Copps predicts DTV switchover will be ‘throw of the dice’

Michael Copps, opposition leader to FCC chairman Kevin Martin, is frustrated. The final DTV transition rules, issued last week, should have come a year earlier, he said.

“If a dissent could legitimately be based on frustration at being stuck in this situation, I would dissent today — I am that frustrated by our inaction,” he said.

He warned there will be some period of time — perhaps before the transition date and almost certainly after — in which some stations may not be able to provide service to all of their viewers.

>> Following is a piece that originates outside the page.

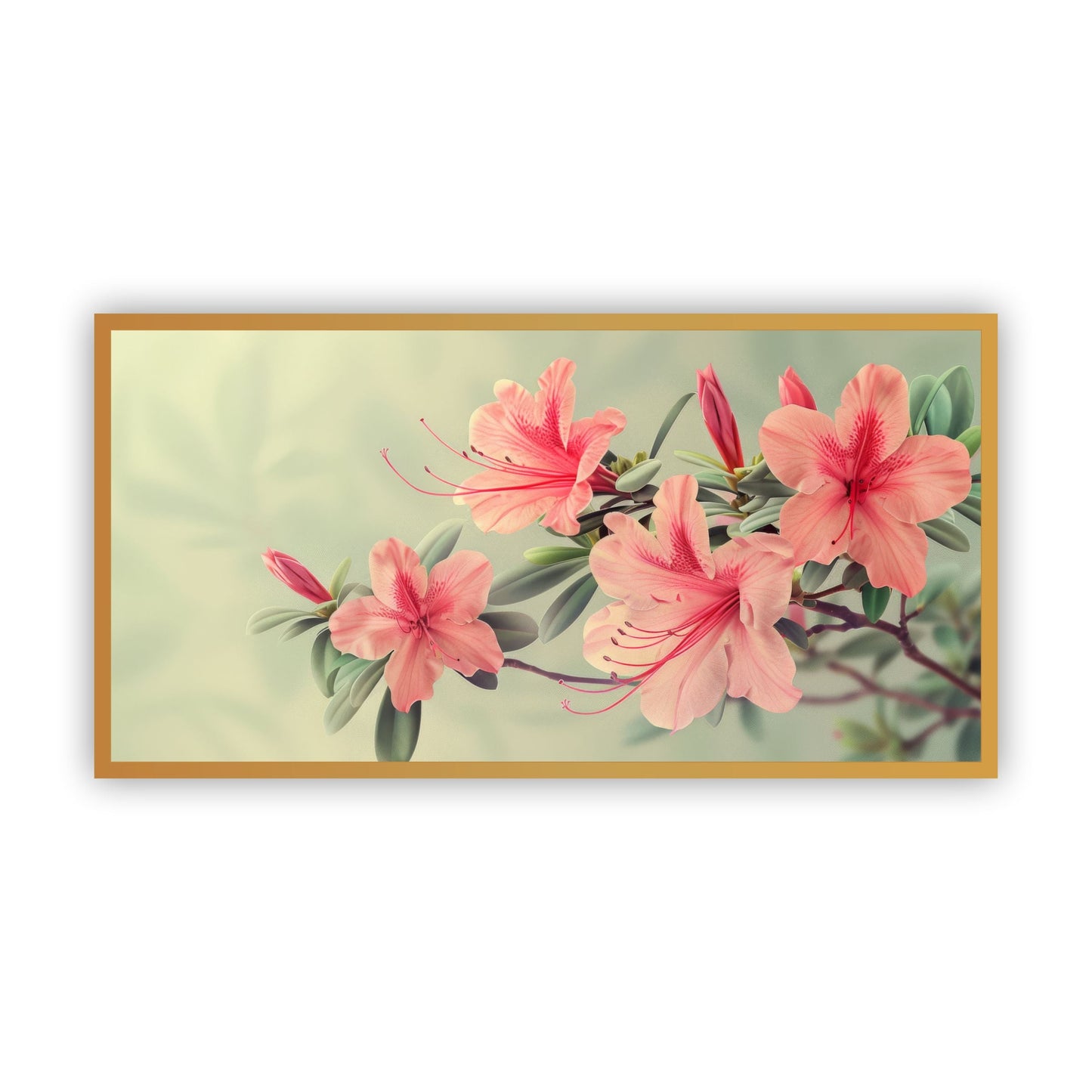 Abstract Flower Wall Art | Modern Canvas for Home | Floral Abstract Elegance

“Pulling the switch on stations all across the land at one and the same time in February 2009 is going to be a real throw of the dice,” he said. “It is unfathomable to me that we are planning to turn off every analog signal in the country on a single day without running at least one test market first.”

“Other countries are transitioning over time, with phased schedules,” he continued. “The United Kingdom, for example, is transitioning between 2007 and 2012, region-by-region, learning at every step along the way and making the necessary adjustments. The UK recently transitioned the small town of Whitehaven as the first step in a multi-year transition plan; a few years ago, Germany took a similar step in Berlin. The lessons learned from those initial test markets doubtless will prove invaluable to those countries’ broader transition efforts. We need some of that real-world experience here. Why in the world aren’t we doing that?”